[Captioned web images]

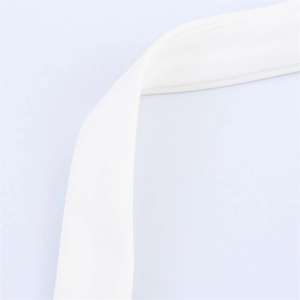 Macro detail of white chiffon halter top showing delicate fabric texture and fine stitching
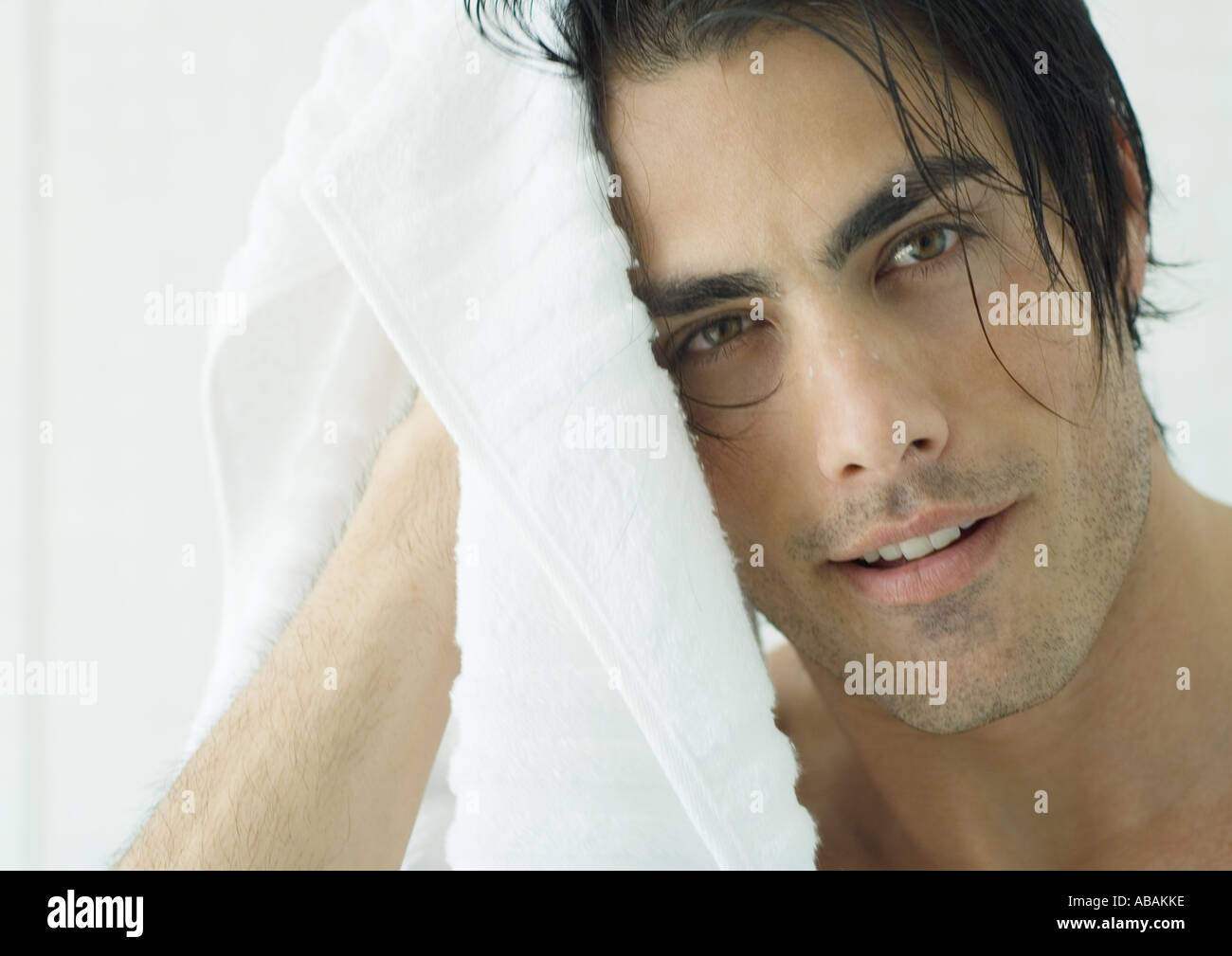 Man drying hair with towel Stock Photo Alamy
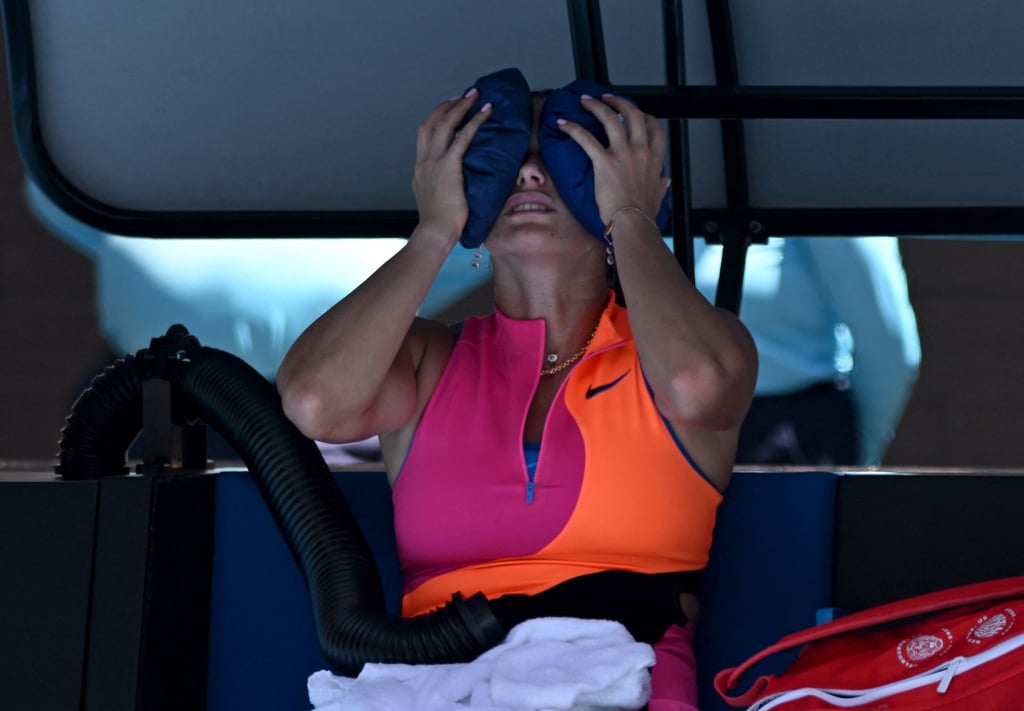 Belarus’ Aryna Sabalenka places ice packs on her head to cool off during a break in play in her quarter-final match against Iva Jovic of the US on Tuesday. Photo: Reuters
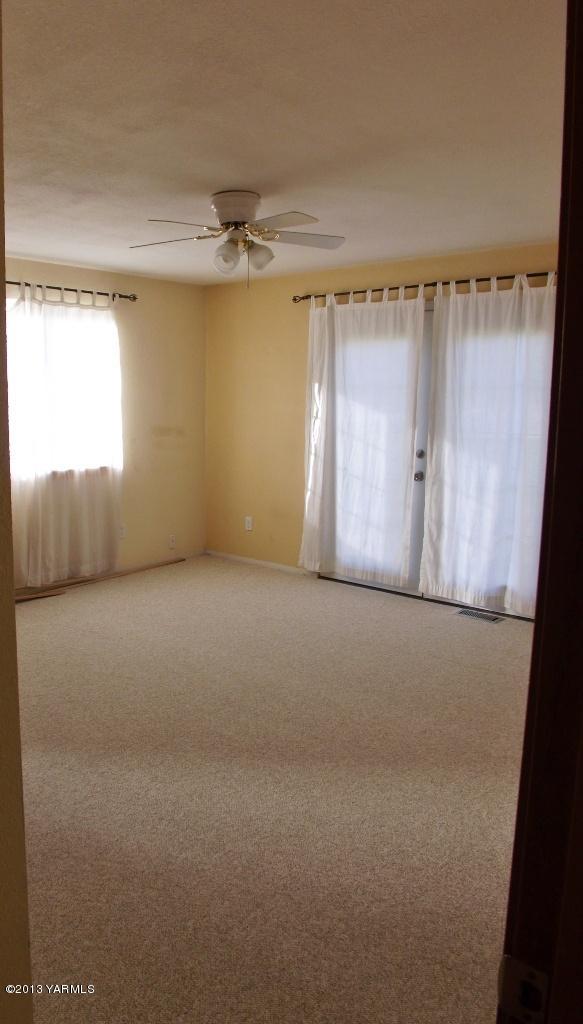 17481 Summitview Road Cowiche, WA 98923 - Photo 8 of 12 en empty room with windows and fan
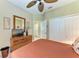 The bedroom features a ceiling fan, neutral walls, and a closet at 12343 Halfmoon Lake Ter, Bradenton, FL 34211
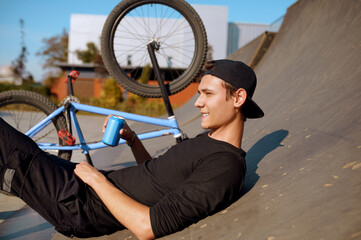 Young male bmx biker leisures on ramp in skatepark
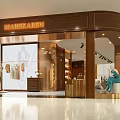 Elegant Modern Clothing Store With Glass Storefront Mannequins Displayed Clothes And Interior Lighting
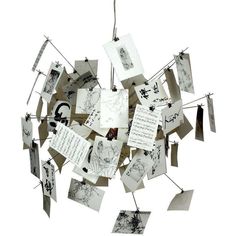 an art piece with many pictures hanging from it's sides and notes attached to the strings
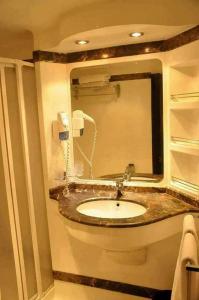 a bathroom with a sink and a mirror at مركب ريفر River Boat in Cairo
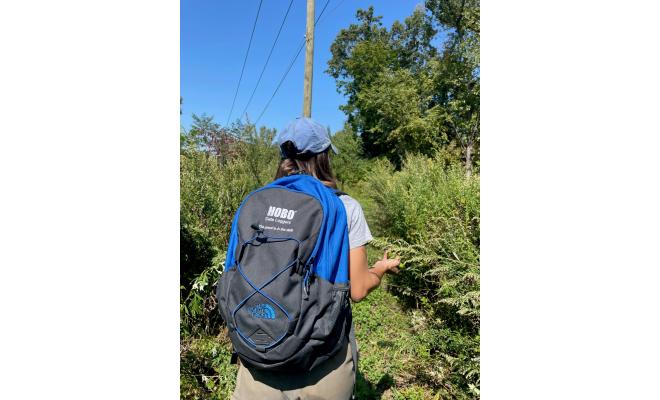 HOBO North Face Backpack on back of hiker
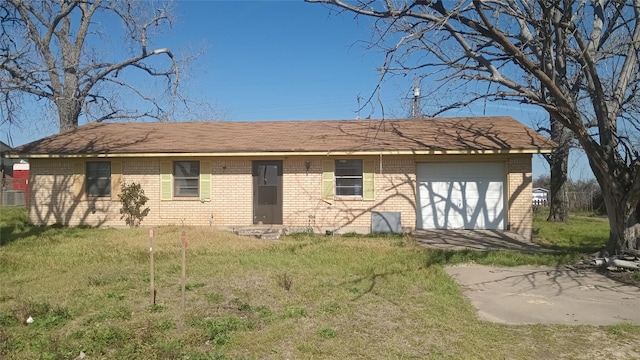 back of house featuring a garage, brick siding, and a lawn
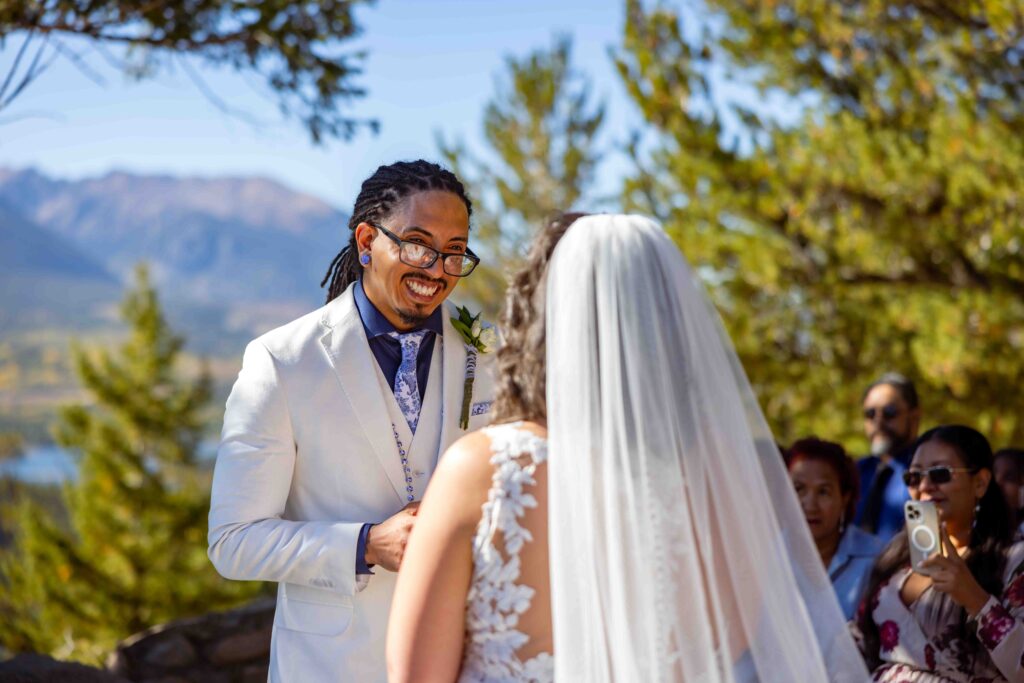 Romantic forehead kiss with the Rocky Mountains in the background.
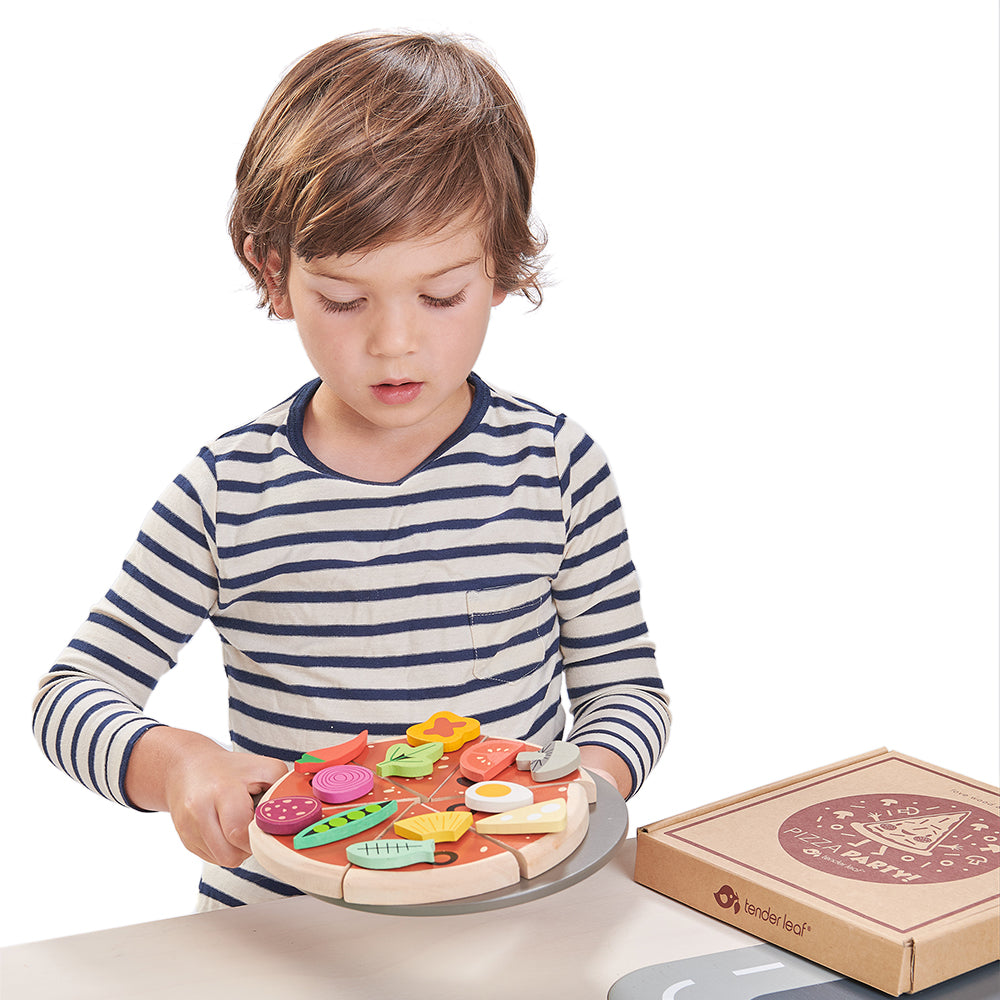 Child playing with a toy pizza set on a white background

## ABOUT THIS TASK
The answer must be an exact copy of the lines from the one containing "an art piece" through the last line of the records, and nothing else. Pictures do not belong in it.

## SOLUTION FOR THIS EXERCISE
 an art piece with many pictures hanging from it's sides and notes attached to the strings
 a bathroom with a sink and a mirror at مركب ريفر River Boat in Cairo
 HOBO North Face Backpack on back of hiker
 back of house featuring a garage, brick siding, and a lawn
 Romantic forehead kiss with the Rocky Mountains in the background.
 Child playing with a toy pizza set on a white background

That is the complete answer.